Aí entra essa divertidíssima briga entre o aquário e as notícias. O Estadão entra no jogo com chamada de primeira página forçada: «Governo deve assumir dívida da Eletronet, de ex-cliente de Dirceu». A matéria interna do repórter Renato Cruz é correta, descreve a disputa entre o governo e os credores, mostra que ex-acionistas nada receberão.
Na sequencia, uma matéria sobre os interesses da Oi em adquirir a Eletronet. Só que contando com começo, meio e fim e desmontando a nova falsificação de Márcio Aith.
Mostra que a Oi tentou na Justiça uma negociação com os credores que permitiria assumir a Eletronet por R$ 200 milhões. Sendo bem sucedida, Nelson conseguiria receber R$ 50 milhões.

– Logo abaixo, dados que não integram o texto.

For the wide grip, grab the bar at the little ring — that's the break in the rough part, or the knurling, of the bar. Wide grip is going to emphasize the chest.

Por que não deu certo? Porque o governo resolveu pegar as linhas para montar a infra-estrutura da banda larga
:
A negociação levou vários meses e estava em estágio avançado. A Oi, Nelson dos Santos e os principais credores da Eletronet já haviam fechado os principais termos do acordo, segundo fontes ligadas à negociação. A Eletronet devia para instituições financeiras como Banco do Brasil e Safra, e fornecedores de equipamentos como a Furukawa e a Alcatel Lucent. A dívida chegava a R$ 800 milhões, mas os credores aceitariam um desconto para receber pelo menos uma parte do dinheiro a que tinham direito.

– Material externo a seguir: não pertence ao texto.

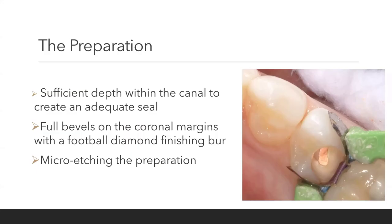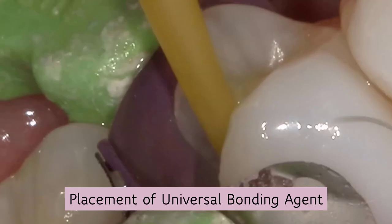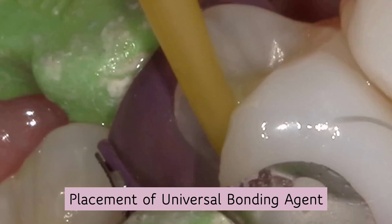For the preparation, I want to go into the canal and make sure I've removed enough gutta percha to create an adequate seal. I want to bevel all my coronal margins, usually with a football finishing burr — yellow or red. Every endodontically treated tooth should be micro-etched. Why? You've got cement and gutta percha debris in there. So after you're done prepping, you're going to micro-etch the entire preparation. Then a 15-second total etch, followed by placing your universal bonding agent. Universal bonding agents bond to everything — zirconia, eMax, old composite, metal.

O acordo esbarrou, porém, no interesse do governo, que diz querer uma rede estatal de internet banda larga. Dona de 49% do capital da Eletronet, a estatal de energia Eletrobrás tinha o direito de vetar o acordo com a Oi. E foi o que fez, quando o governo decidiu retomar a rede de fibras ópticas e recriar a estatal de telefonia Telebrás.

O circuito da repercussão interna
A própria reportagem da Folha não consegue confirmar uma linha da denúncia. Todas as informações durante o dia mostraram que o caso está sendo tratado na Justiça do Rio – portanto, sem nenhuma ingerência do governo federal.
A própria sequencia da reportagem não confirma a denúncia. Esquece completamente, como se não tivesse sido feita, e muda para uma segunda, que não ocorreu.
Confirma-se mais um factóide da Folha.
Internamente, a poucos metros da mesa de Aith, dois colunistas da página 2 e a titular do Painel repercutem a denúncia que já não era.
Fernando Barros da Silva:
Se a Telebrás for reativada, como anuncia o governo, o mesmo bidu que desembolsou R$ 1 pela Eletronet pode sair dela com R$ 200 milhões.
Melchíades Filho:
Não está claro, ainda, se e como a Star Overseas lucrará com essa remontagem do setor, que será anunciada no mês que vem pelo Palácio do Planalto. Mas a remuneração de Dirceu (R$ 620 mil em dois anos) indica que a offshore não esperava pouco. Advogados ouvidos pela Folha estimam em R$ 200 milhões.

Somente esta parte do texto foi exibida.